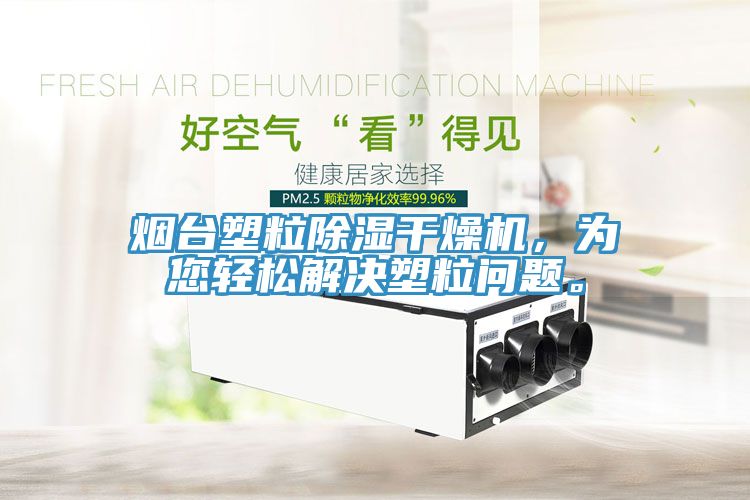 煙臺(tái)塑粒除濕干燥機(jī)，為您輕松解決塑粒問(wèn)題。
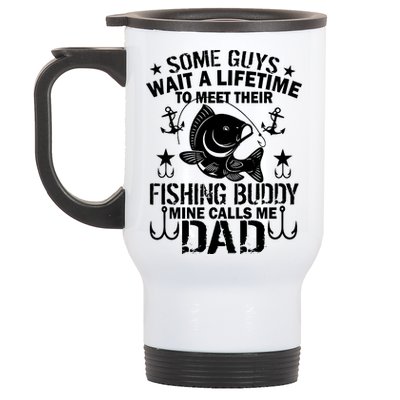 My Fishing Buddy Calls Me Dad Stainless Steel Travel Mug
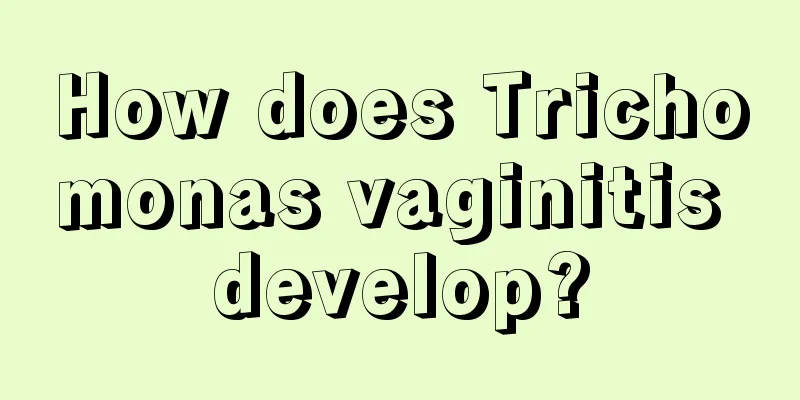 How does Trichomonas vaginitis develop?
--------------------------------------------------
Brief>
Every line of the listing above is to be retyped exactly, but the pictures are to be dropped.

Result for this exercise>
 煙臺(tái)塑粒除濕干燥機(jī)，為您輕松解決塑粒問(wèn)題。
 My Fishing Buddy Calls Me Dad Stainless Steel Travel Mug
 How does Trichomonas vaginitis develop?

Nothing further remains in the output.